On the question also of the J. Reuben Clark Institute he [Elder Harold B. Lee] wanted time to talk this over with the Clark family and also with Marion Romney and Gordon Affleck. I am sure they would be in favor of something of this kind, so in the afternoon I talked confidentially to Gordon Affleck. He proposed we ought to have a law school here dedicated to the views of J. Reuben Clark. This pleased me very very much so I told him to see what he could do to get it. This of course is very confidential.23
Wilkinson wrote “very” twice, showing that the possibility of a BYU law school was getting his serious attention. Although there are some passing references earlier in BYU’s history to a potential law school in Provo, Utah, this suggestion by Affleck to Wilkinson sparked a series of behind-the-scenes events leading to the present J. Reuben Clark School of Law.
Affleck and Wilkinson kept this conversation so confidential that no BYU or BYU Law School history mentions it. Instead, one history points to another event two months later as a significant beginning. That event was a dinner organized by Wilkinson and his youngest child, Douglas, a first-year law student, at the Lion House in Salt Lake City for sixty-five former BYU undergraduates then attending the University of Utah Law School.24 Wilkinson’s diary mentions the April 16, 1970, dinner as a “very successful affair,” with LDS Apostles and former lawyers Marion G. Romney and Howard W. Hunter also attending. While Wilkinson wrote that “we were all delighted with the party,”25 Romney’s diary painted a bleaker picture when writing about the three law school representatives asked to talk at the dinner about how BYU prepared them for law school:
To my surprise and disappointment, two of the three were notably critical of their training at BYU. They had not been, so they said, conditioned to think and find the answers for themselves. . . . The so-called protective atmosphere at BYU had, so I understood them to feel, put them at a disadvantage at law school.
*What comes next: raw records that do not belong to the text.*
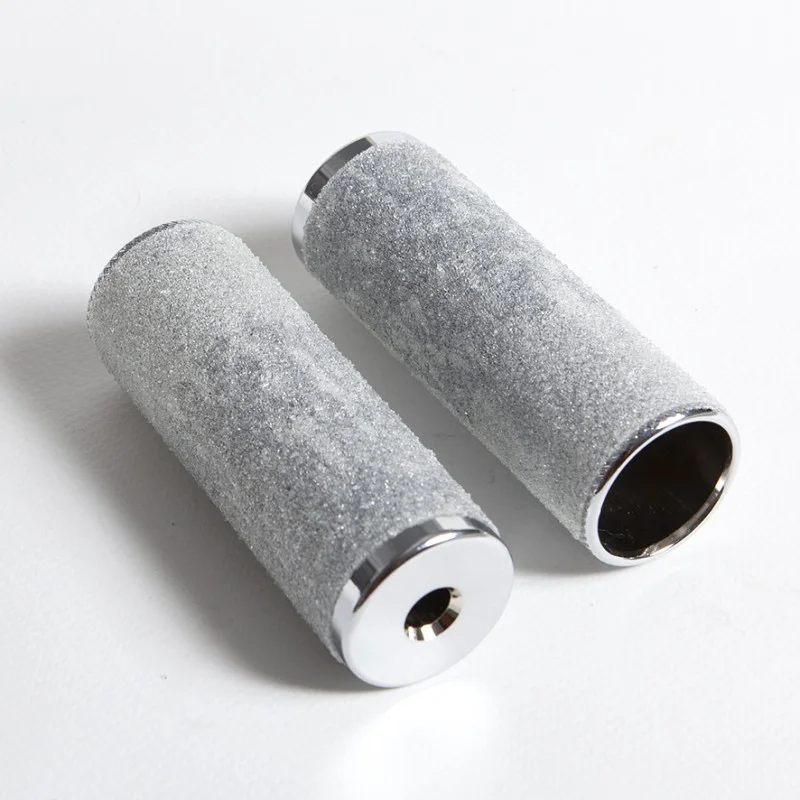 Pegs XLC 10mm Chromés Grip Transparent 4 Pegs XLC 10mm Chromés Grip Transparent – Image 2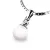 Dámský přívěsek přírodní diamant 0.027 ct perla a 10870-B-DIA 10870B-DIA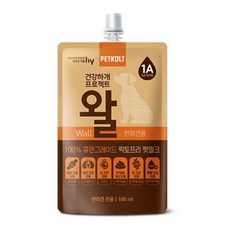 팻밀크 한국야쿠르트 왈 강아지 간식, 관절+장건강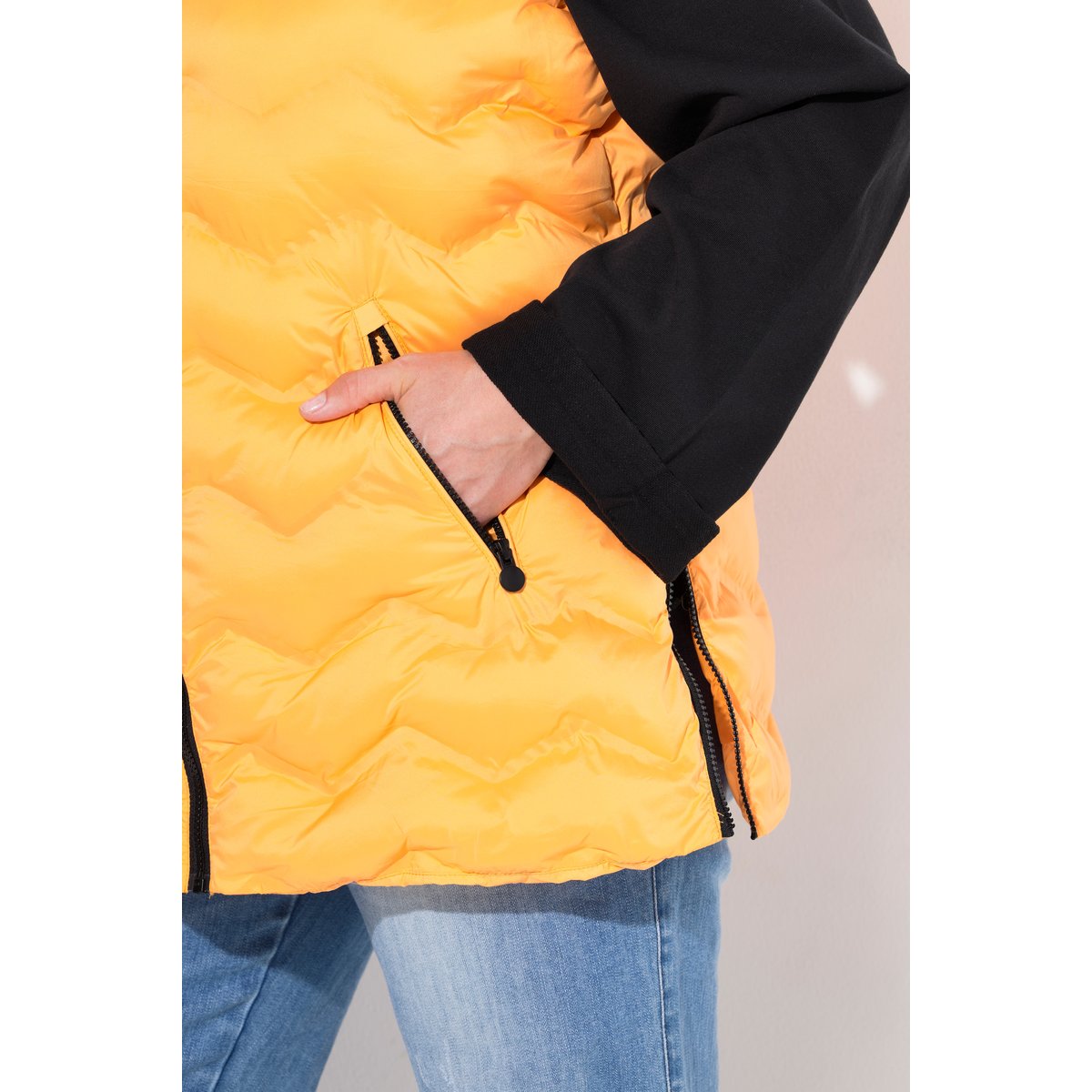 Doudoune matelassée HYPRAR sans manches orange clair, ULLA POPKEN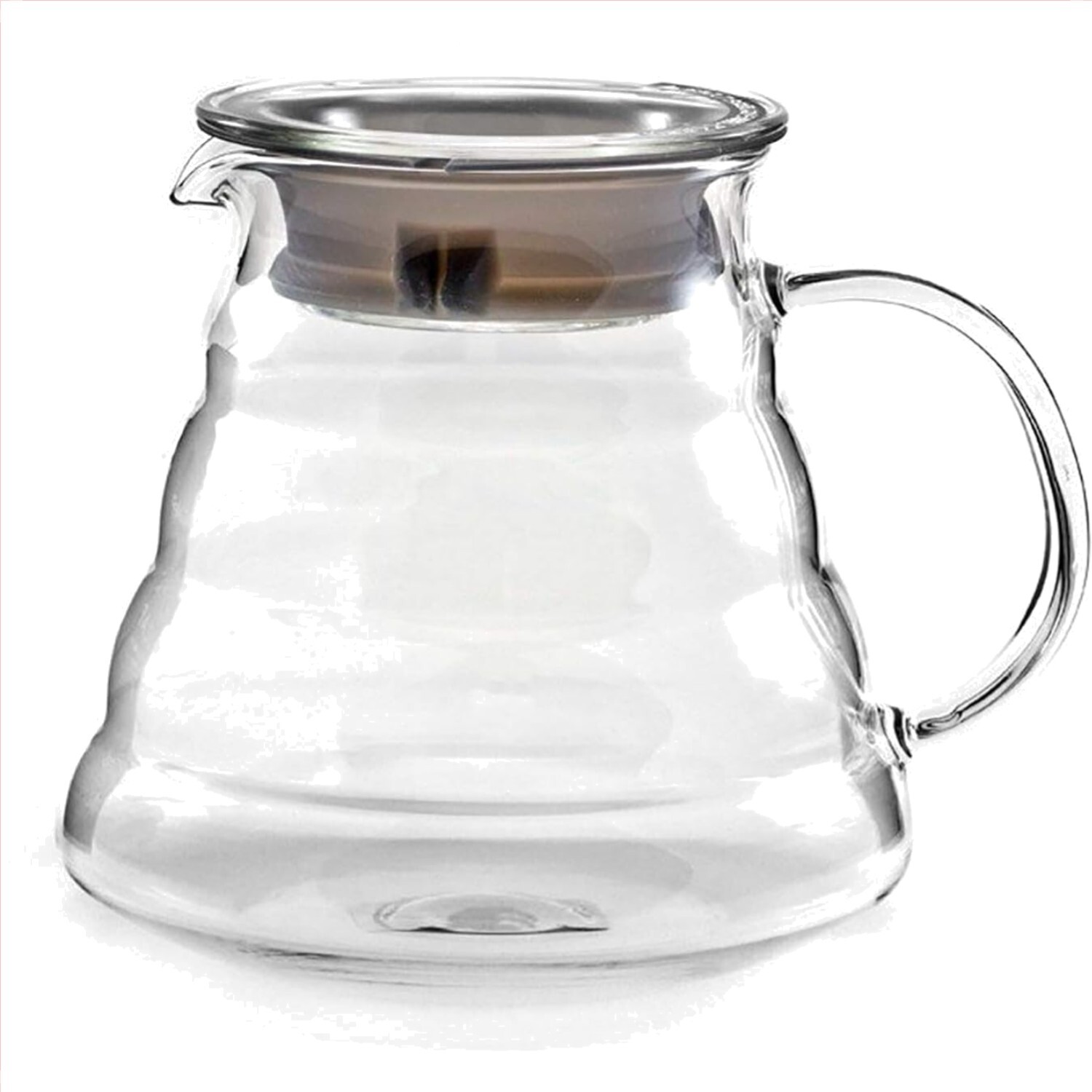 600ml Glass Coffee Server for Perfect Pour-Over Brewing - Minimalist Design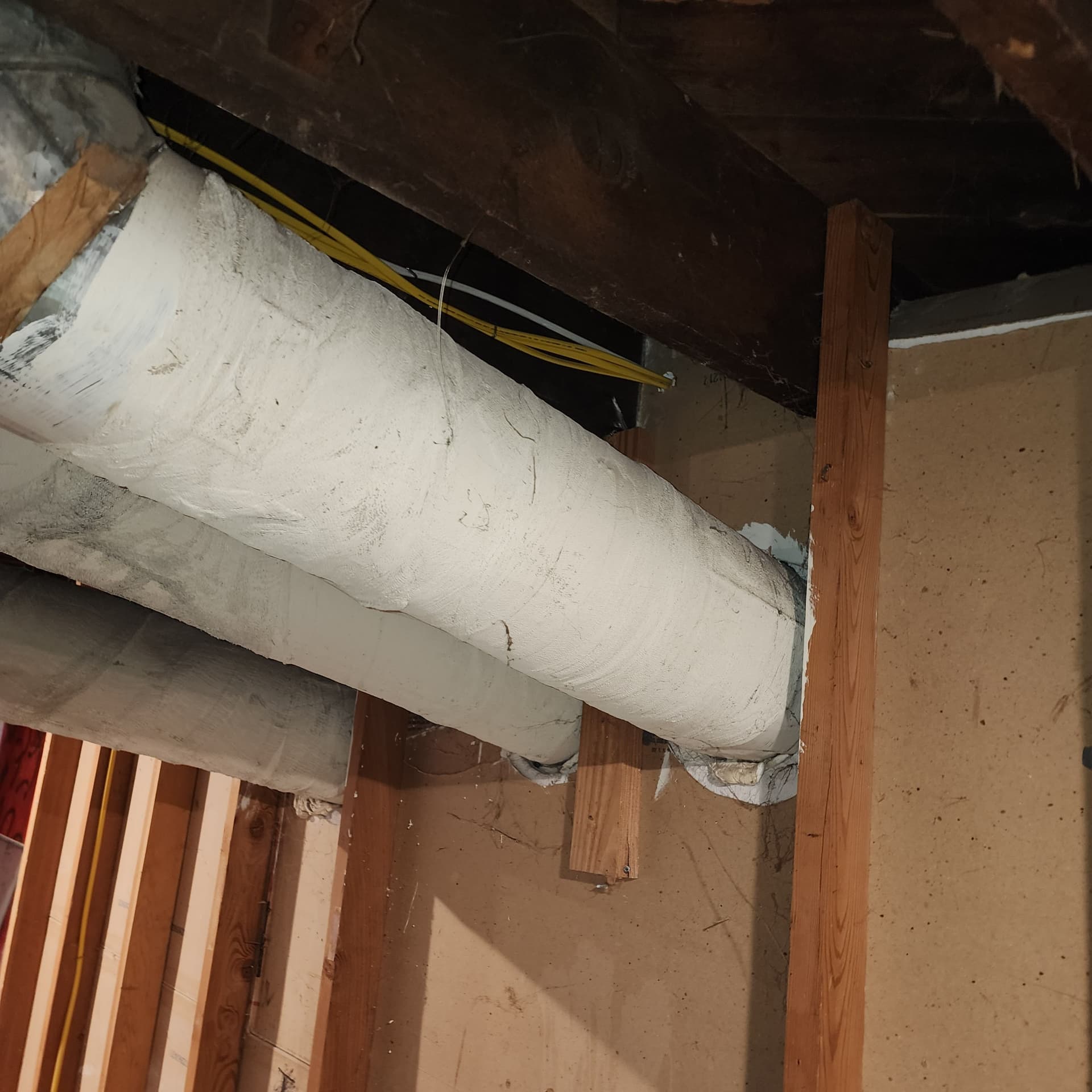 Gallery photos for Safer Flex Tubing Installation To Replace Old Asbestos Ducts: Image #4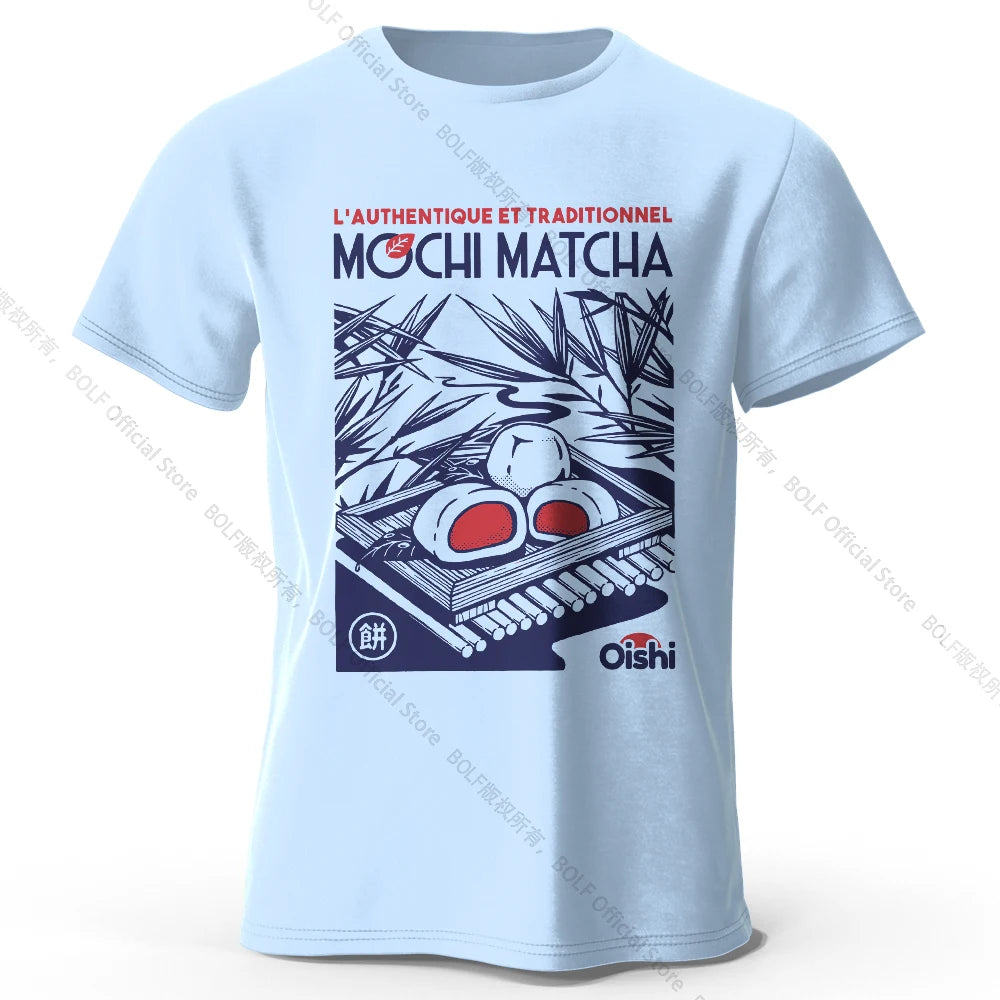 100% Cotton Artistic Japanese Street Food Print Tee - Vintage Hand-drawn Design Trendy Comfortable Casual Wear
Not one referred to the distinctive training BYU is maintained to give.
From no one of them did I obtain the slightest indication that they had left BYU morally fortified to deal with the toils of the law.26
Reading between the lines, it appears that Wilkinson set up the University of Utah Law School dinner in order to show Romney and Hunter firsthand the impact of a growing anti-Mormon (and antireligious) bias at the state-sponsored law school.27 Romney was not one to make hasty decisions or be manipulated by others, yet seeing the returned missionaries and future Mormon lawyers from the law school speaking poorly of their LDS Church–funded college education was disappointing to the Apostle. Romney later said one of his motivations for pushing for the BYU Law School was to honor J. Reuben Clark Jr.,28 particularly if those individuals would follow the example of Clark, who “provided a model of the positive impact that the study of law could have on those with deep religious faith.”29 For Romney, the Law School’s foundation would be built more on emulating Clark’s religious and legal strengths than Clark’s conservative political views, something Wilkinson and Romney would discuss many times over the next two years.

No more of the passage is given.